> **REQUIREMENT**
Your output should be the lines below from the one holding "DreamBid. Zdjęcie 12." through the one holding "Roze en Blauwe", transcribed exactly, with no pictures.

> **MATERIAL SUPPLIED**

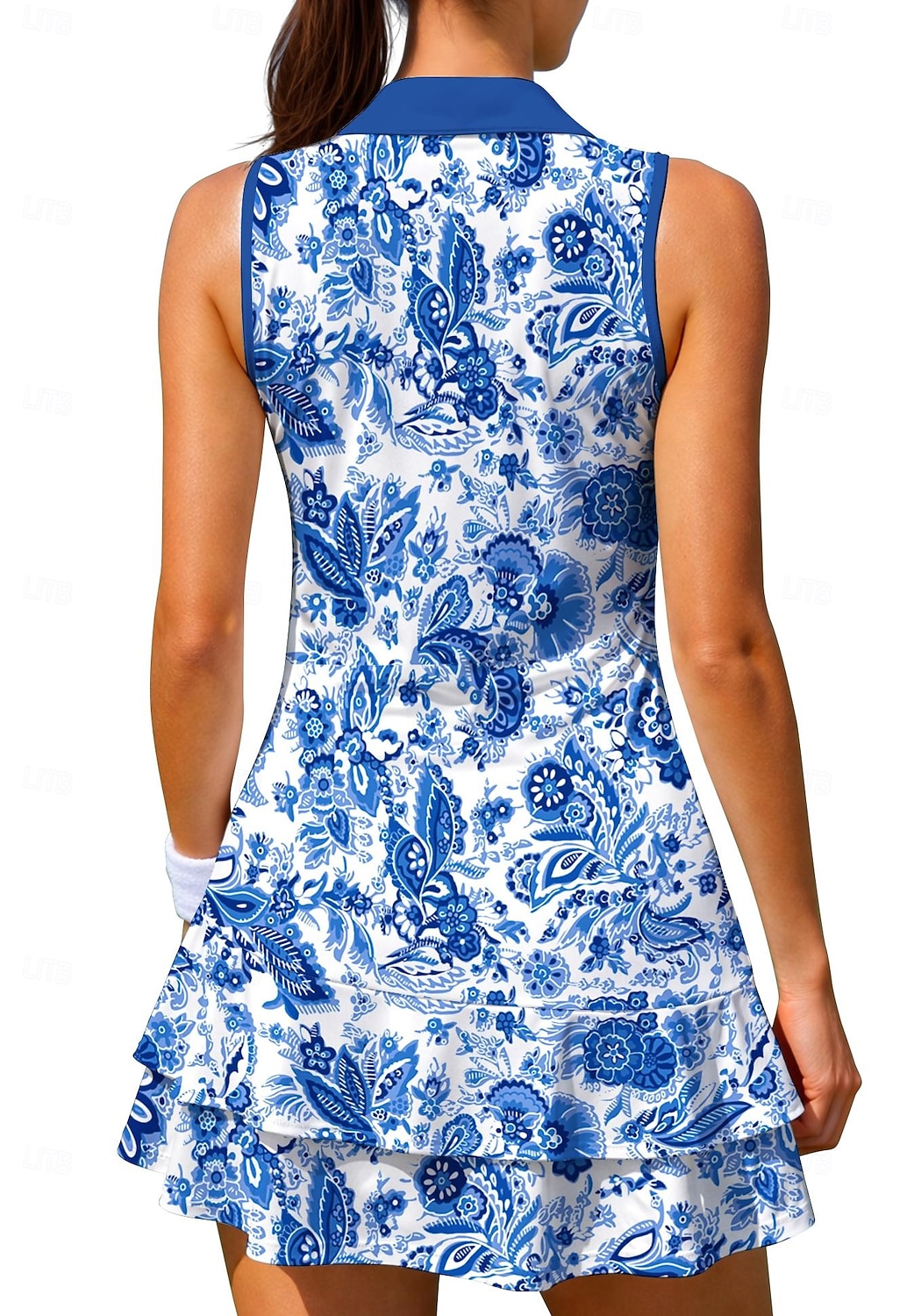 Women's Floral Floral Botanical Tennis Dress Sports Dress Sleeveless Floral Breathable Tennis Golf Badminton Polo Collar Zip Collar Shorts Dress Blue and White Tennis Clothing 2026 - $28.99 –P2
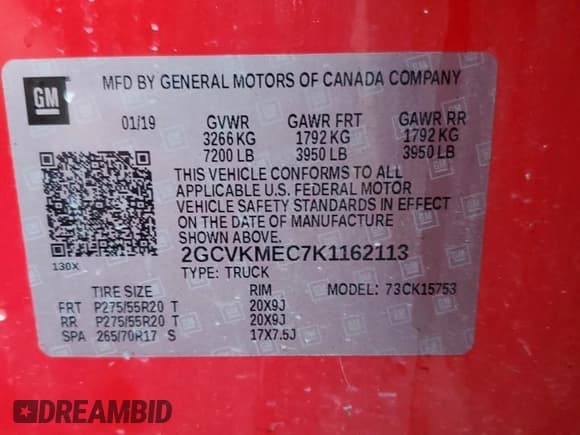 ✅ 2019 Chevrolet Silverado 1500 Custom • VIN: 2GCVKMEC7K1162113 • Lot: 71496015. Wystawiony na Copart z przebiegiem 153 962 mil. Bezpłatny archiwum sprzedaży aukcyjnych z USA i szczegółowy raport historii pojazdu na DreamBid. Zdjęcie 12.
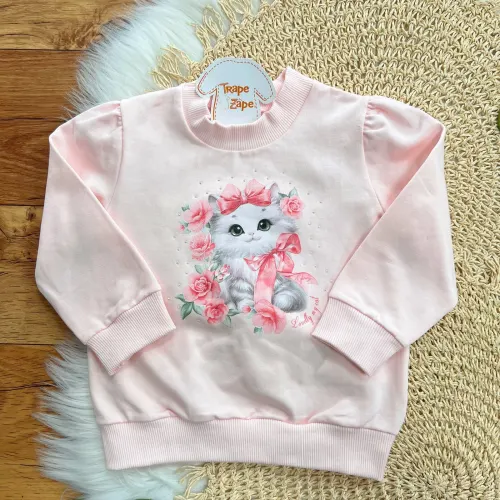  Conj. Casaco Gola Alta Gatinha com Lacinhos e Calça Legging - Rosa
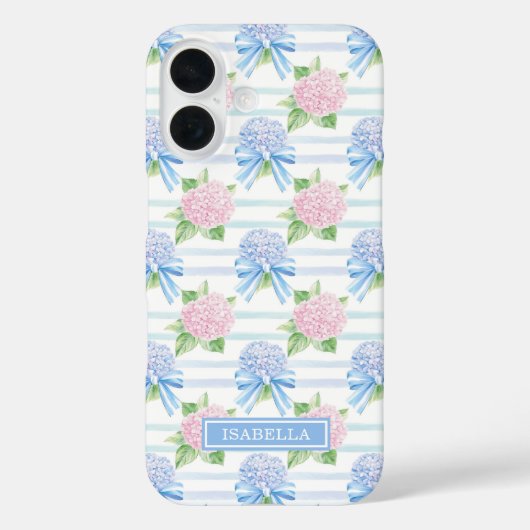 Roze en Blauwe Hortensia Gestreepte Case-Mate iPhone Case (Achterkant)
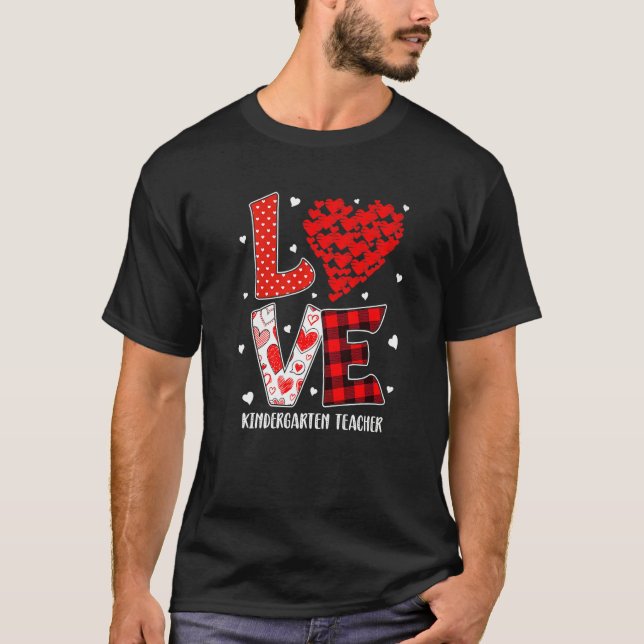 Camiseta Heart Love Kindergarten Teacher Red Plaid Valentin (Frente)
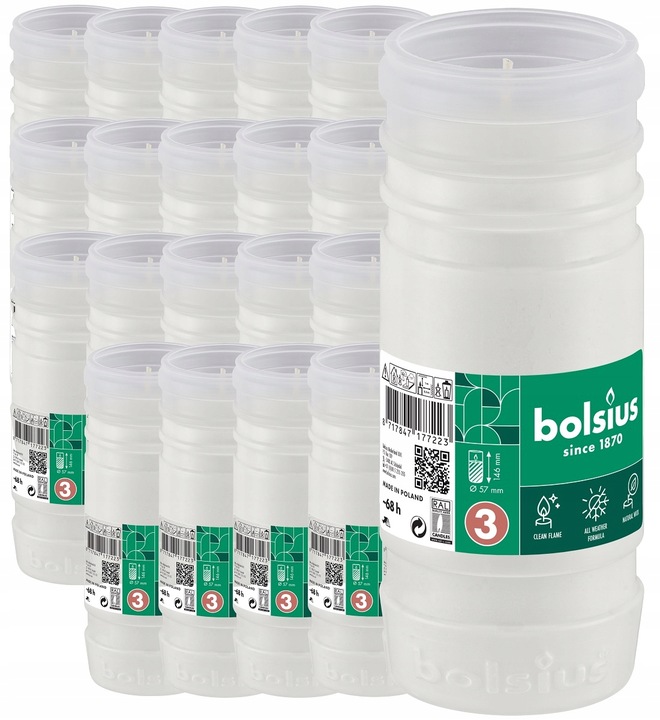 Wkłady do zniczy 14,5 cm Bolsius RP3 parafinowe całoroczne - 68 godzin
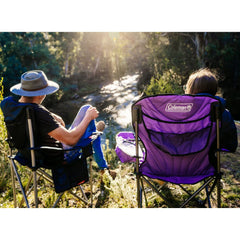 Coleman Quad Queen Size Cooler Arm Camp Chair - Purple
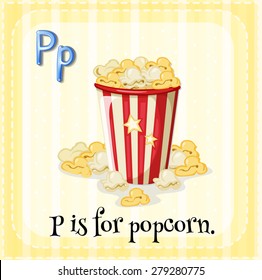 Flashcard letter P is for popcorn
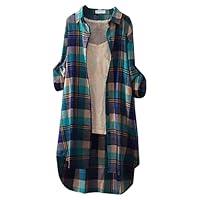 Algopix Similar Product 7 - Shirts for Women Plaid Print Tops 2024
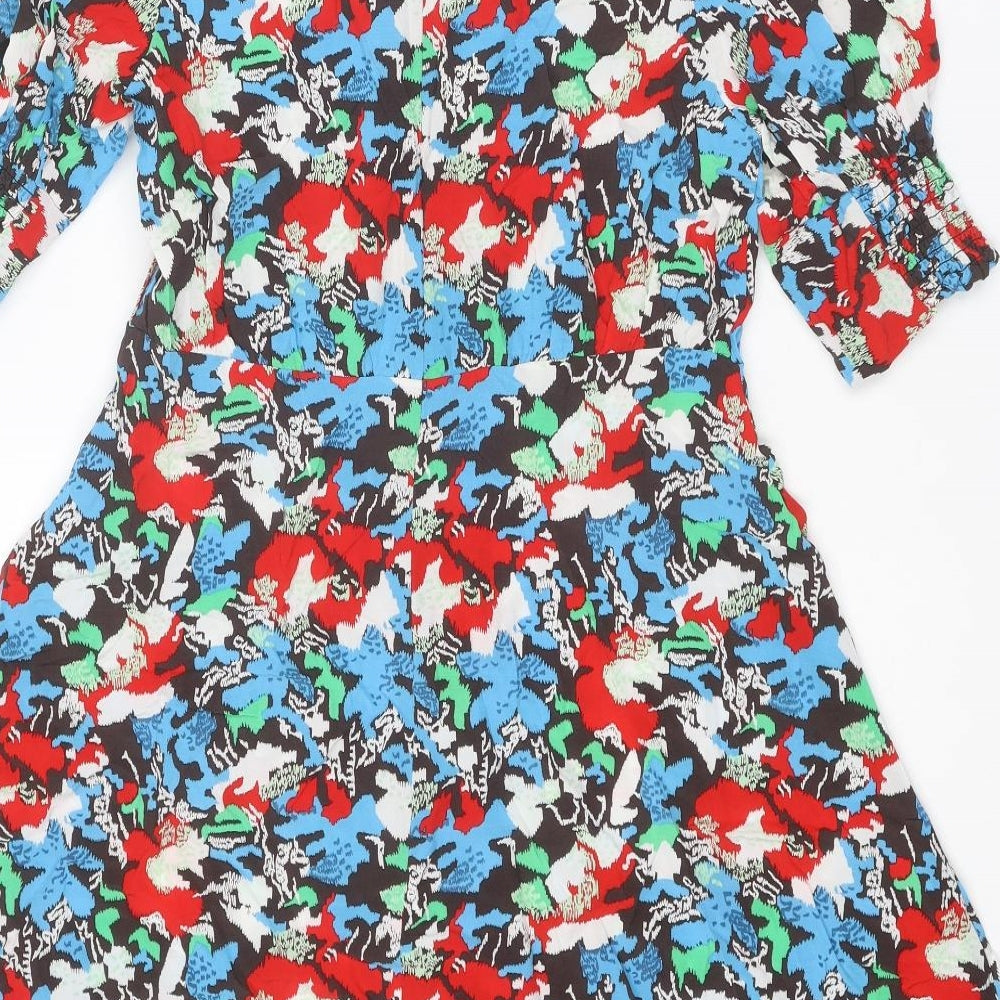 NEXT Womens Multicoloured Geometric Viscose A-Line Size 10 Round Neck Zip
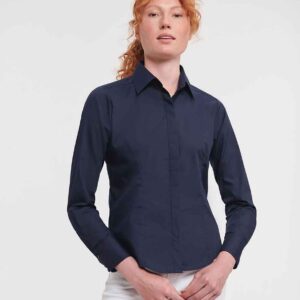 Russell Athletic Collection Ladies Long Sleeve Fitted Poplin Shirt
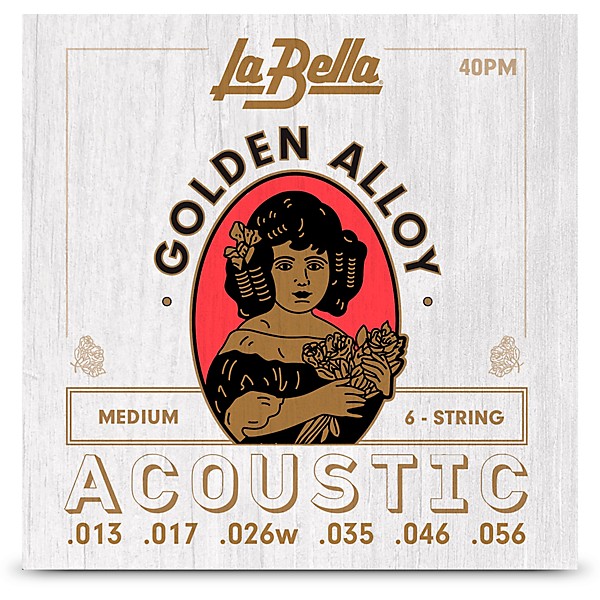 La Bella Golden Alloy 6-String Acoustic Guitar Strings Medium (13-56)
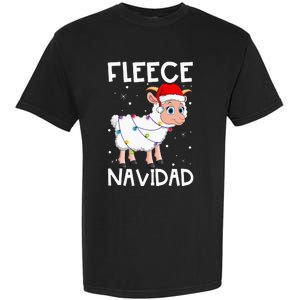 Fleece Navidad Funny Christmas Sheep Feliz Xmas Lights Garment-Dyed Heavyweight T-Shirt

> **RESPONSE TO THIS TASK**
 ✅ 2019 Chevrolet Silverado 1500 Custom • VIN: 2GCVKMEC7K1162113 • Lot: 71496015. Wystawiony na Copart z przebiegiem 153 962 mil. Bezpłatny archiwum sprzedaży aukcyjnych z USA i szczegółowy raport historii pojazdu na DreamBid. Zdjęcie 12.
  Conj. Casaco Gola Alta Gatinha com Lacinhos e Calça Legging - Rosa
 Roze en Blauwe Hortensia Gestreepte Case-Mate iPhone Case (Achterkant)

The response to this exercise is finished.